Il legato Il legato nel diritto successorio: definizione, normativa e tipologie della disposizione testamentaria disciplinata dagli artt. 649 e ss. c.c.

Cos’è il legato?

Il legato è una disposizione testamentaria con cui il testatore attribuisce a un soggetto (legatario) un bene specifico o un diritto, senza che quest’ultimo debba accettare l’intera eredità. Il legato si distingue dalla successione universale, poiché il legatario non è responsabile dei debiti ereditari oltre il valore del bene ricevuto.

Normativa di riferimento

Il legato è disciplinato dagli articoli 649-673 del Codice Civile. In particolare:

  • Art. 649 c.c.: si acquista senza bisogno di accettazione, salvo rinuncia;
  • Art. 651 – 660 c.c.: indicano le cose che possono essere oggetto di legato;
  • Art 661: disciplina il prelegato;
  • Art. 671 c.c: dispone l’obbligo del legatario di adempierlo e ogni altro onere imposto nei limiti del valore della cosa legata;
  • Art. 672 c.c.: sancisce che le spese per la prestazione del legato sono a carico del soggetto onerato;
  • Art. 673 c.c.: stabilisce l’inefficacia del legato se la cosa perisce durante la vita del testatore.
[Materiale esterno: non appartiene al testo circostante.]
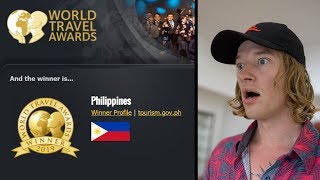 Philippines does it AGAIN.. WORLDS BEST In ____  !?
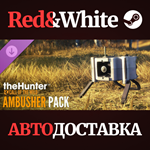 theHunter: Call of the Wild™ - Ambusher Pack DLC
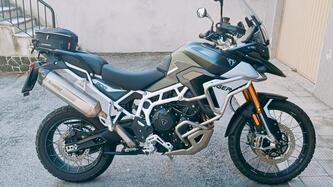 Triumph Tiger 900 Rally Pro (2024 - 26)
Differenza tra erede e legatario

L’erede subentra in tutti i rapporti attivi e passivi del defunto, acquisendo sia i beni che i debiti ereditari. Il legatario, invece, riceve solo il bene o il diritto indicato nel testamento, senza rispondere dei debiti del defunto.

Il prelegato

Il prelegato è un particolare tipo di legato destinato a un erede, il quale riceve un bene specifico in aggiunta alla sua quota ereditaria. Ad esempio, se un testatore lascia a un erede la casa e il resto dell’eredità viene suddiviso tra più soggetti, l’erede riceve un prelegato.

Tipologie di legato

Il legato può assumere diverse forme:

  • di specie: riguarda un bene specificamente individuato (es. “Lascio a Marco il mio orologio Rolex”);
  • di genere: riguarda beni determinati per categoria (es. “Lascio a Lucia un’auto della mia collezione”);
  • obbligatorio: attribuisce un diritto di credito (es. “Lascio a Paolo un vitalizio di 1.000 euro al mese”).
  • di usufrutto: concede l’usufrutto di un bene senza trasferirne la proprietà;
  • di prestazione periodica: attribuisce una rendita o un pagamento periodico.

Giurisprudenza in materia

Cassazione n. 11389/2024: l’esecuzione di un legato non ne implica necessariamente un’accettazione tacita. Questo perché l’adempimento può essere effettuato anche da terzi. Pertanto, l’atto di eseguire un legato non è automaticamente considerato un atto che solo il destinatario della disposizione avrebbe il diritto di compiere.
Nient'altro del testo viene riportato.